Escrito el día de los Inocentes

Tal día como ayer, y desde hacía muchos años, celebrábamos el día de los Inocentes. Lo hacíamos de un modo que hoy, aunque suene a pedante, no queda más remedio que denominar paradojal.Porque es posible incluso que fuera la primera paradoja con la que nos enfrentábamos en la vida. Resultaba que los inocentes no eran aquellos recién nacidos que, según contaba la leyenda evangélica, el implacable Herodes había decidido exterminar. Por esos azares de la tradición, el día de los Inocentes había sufrido una transformación tal que según la costumbre, esa estúpida señora que no atiende a razones, durante la jornada del 28 de diciembre eran posibles todas las crueldades imaginables hacia los denominados inocentes. ¿Y quiénes pertenecían a la categoría de inocentes?

Pues como siempre, los niños, los ancianos, la buena señora que vendía cupones en la esquina, el tendero simpático, nuestra habitual suministradora de golosinas.

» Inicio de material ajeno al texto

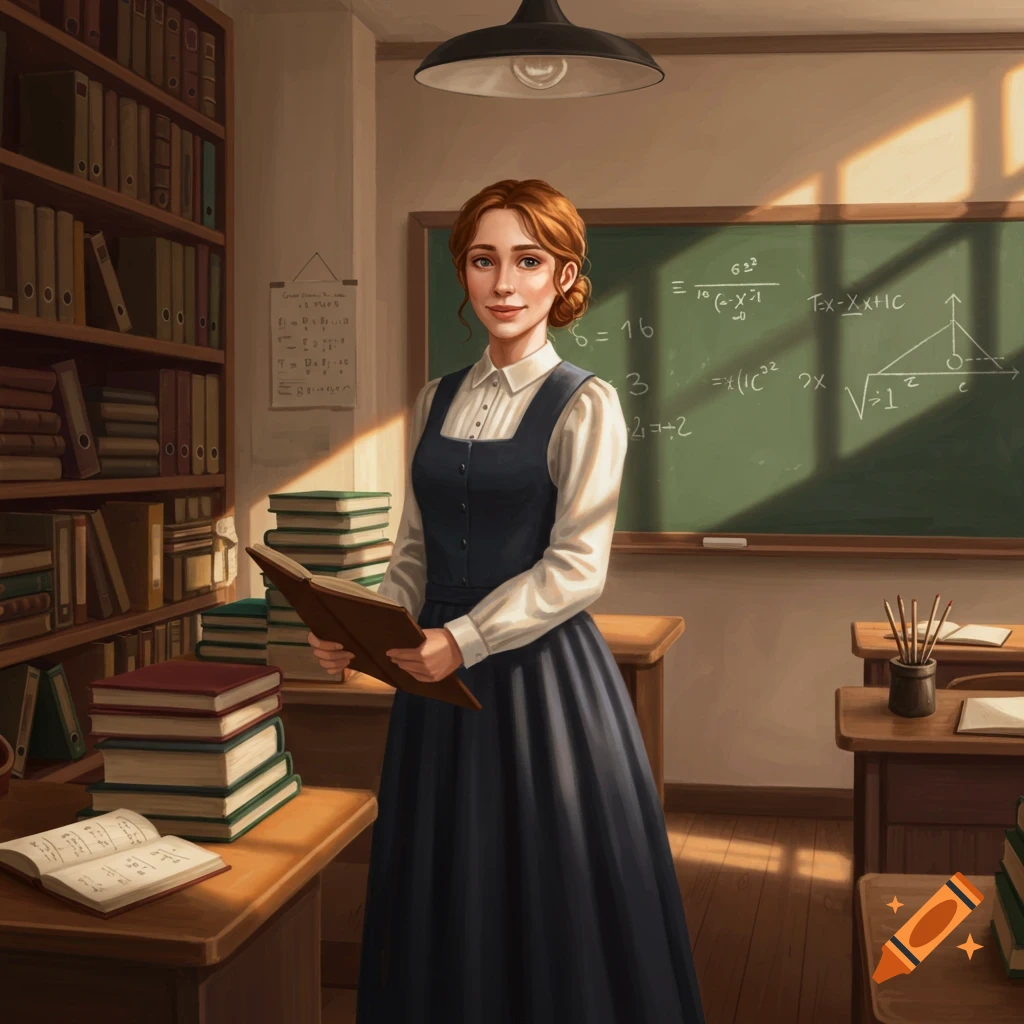 A young schoolmistress stands in a classroom holding a book, with a blackboard and bookshelves behind her.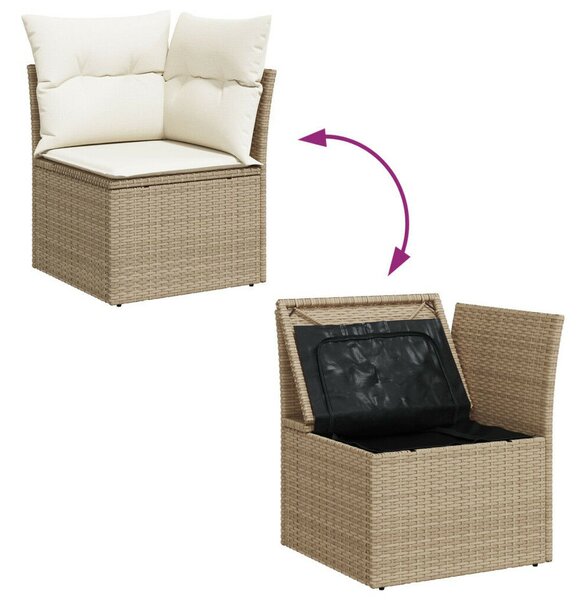 7 Részes Kert Sofa Szett Párnákkal Bézs Poli Rattan, 2-Személyes Kert Sofa Tárolóval és Párnákkal Bézs Poli Rattan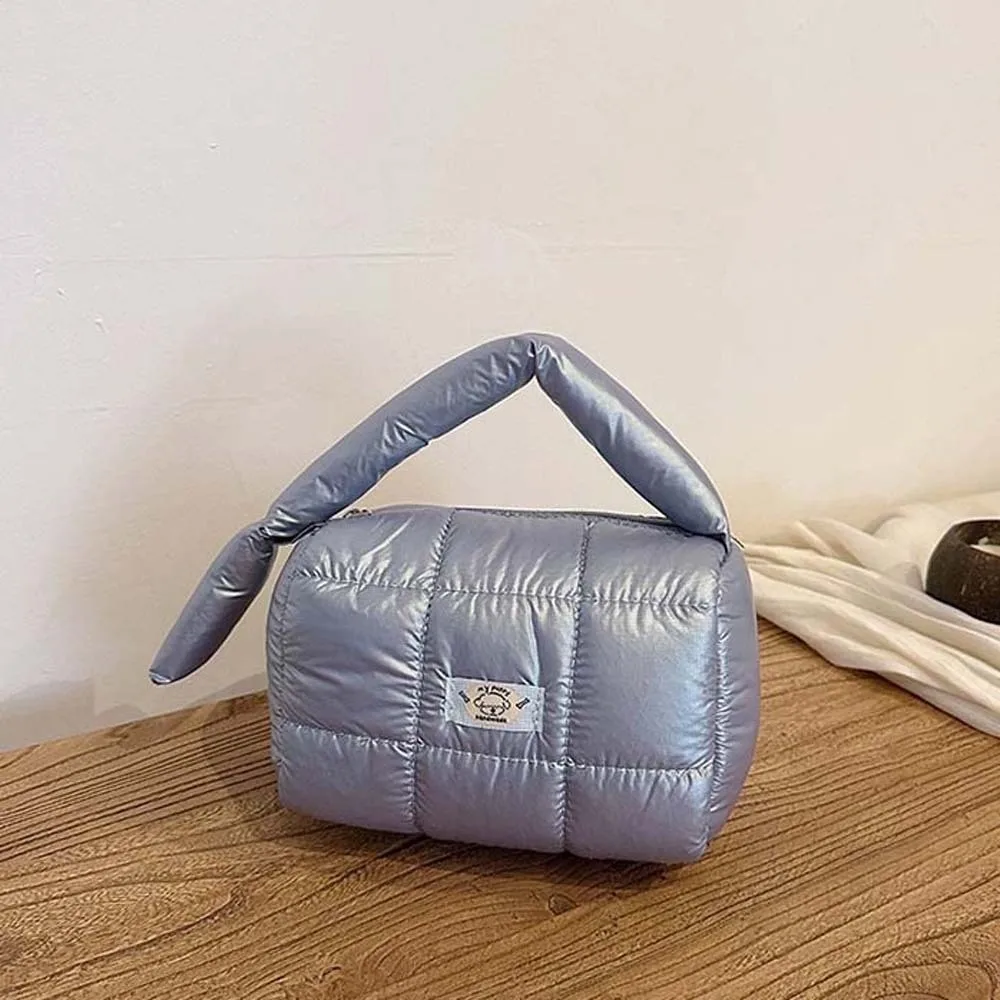 sac à main carré matelassé à grille plissée en nylon pour femmes, fourre tout bouffant de grande capacité, couleur unie, léger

El día de los Inocentes por principio debería ser una jornada preñada de amabilidad, simpatía, entrega, afabilidad, en fin, de todas aquellas cosas que caracterizan al parecer a los inocentes, representados en nuestra cultura por los ancianos y los niños. Pues no. Exactamente lo contrario. Ese día, desde la mañana a la noche, los niños, los adolescentes y no digamos los adultos - cuanto más perversos más participantes-, nos animábamos a hacer todas las putadas posibles a cuanto inocente encontráramos por el camino. El catálogo era amplísimo. Desde poner pieles de plátanos en el suelo para que se abrieran la crisma hasta disimular agujeros con cartones para que pudieran caerse haciendo una exhibición ante el atento personal, que éramos nosotros y siempre algún mirón que se sumaba feliz al espectáculo. Lo más obvio consistía en enganchar a la espalda de los paseantes, preferiblemente de edad y despistados, un monigote de papel e ir acompañando a la víctima hasta que alguna señora - siempre, para suerte de la humanidad piadosa y razonable, había una dama que se acercaba al pobre burlado y le quitaba con respeto el baldón que algún gracioso le había colocado-.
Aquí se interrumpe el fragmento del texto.